2025年の中国金鶏百花映画祭は、11月11日に福建省厦門市で開幕した。本年度の映画祭は第38回中国映画金鶏賞を兼ねて開催され、開幕式には俳優の黄渤と周冬雨が登壇し、象徴的な「金鶏点灯」のセレモニーを行った。

今回の開幕式では、中国国内ではほとんど例のない超大型のフライングスクリーン装置が導入された。この装置は「映画の銀幕」という原点への回帰をテーマに設計されており、AIが生成した120枚のクラシック映画をモチーフとする専用ポスターが次々と映し出された。これらの映像は、中国映画が歩んできた120年の歴史を象徴する視覚的な演出として構成されている。

開幕式のプログラムは「場景・新時代」「光影・新理念」「作品・新大衆」という三つのパートから構成された。歌手の郁可唯は映画祭テーマ曲《光影人間》を初めて披露し、続いて歌手の品冠が《男児当自強》(映画『黄飛鴻(Once Upon a Time in China)』主題歌)や《想你的365天》など、観客に映画への記憶を呼び起こす楽曲のメドレーを歌唱した。

映画祭は中国映画誕生120周年という節目の年に開催され、五日間にわたり50以上の関連イベントが実施される。これには授賞式、映画フォーラム、映画推介会、映画学堂、さらに「海峡光影の夜」などの企画が含まれ、映画ファンと業界関係者が交流し学び合う場として機能している。

事前に公表されたノミネート作品には、《小小的我》(”Tiny Me”)、《長安の荔枝》(”Lychees of Chang’an”)、《好东西》(”All Shall Be Well”)、《志願軍:存亡之戦》(”The Volunteers: Fight for Survival”)、《唐探1900》(”Detective Chinatown 1900″)、《破・地獄》(”Breaking Hell”)などが挙げられている。最優秀男優賞には大鵬、朱一龍、劉昊然、易烊千璽、黄暁明が、最優秀女優賞には衛詩雅、宋佳、咏梅、段奥娟、徐海鵬がノミネートされている。受賞結果は15日の授賞式で発表される予定である。

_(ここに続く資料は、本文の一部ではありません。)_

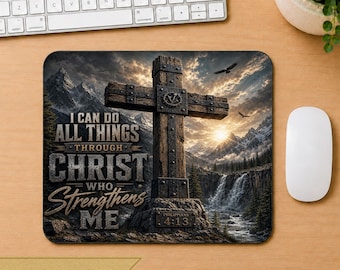 Jag kan göra allt genom Kristus musmatta sublimeringsdesign kristen bibelvers skrivbordsmatta religiös PNG trosbaserad gåva för män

また、厦門市は今年初めて「2025金鶏百花映画生活季」と称する文旅商連動型の消費促進企画を打ち出した。期間中、台湾から来訪した旅行者は“小三通”の有効船票を提示することで「厦金光影通」と呼ばれる特別チケットを受け取ることができ、関連する特典や割引イベントに参加できる仕組みが用意されている。こうした取り組みは、映画祭を地域文化・観光の活性化と結びつける新たな試みとなっている。

本年度の金鶏百花映画祭は、映画誕生120周年の歴史的区切りを祝うとともに、映像技術と文化交流の進展を示す場として、多様な内容を備えた催しとなっている。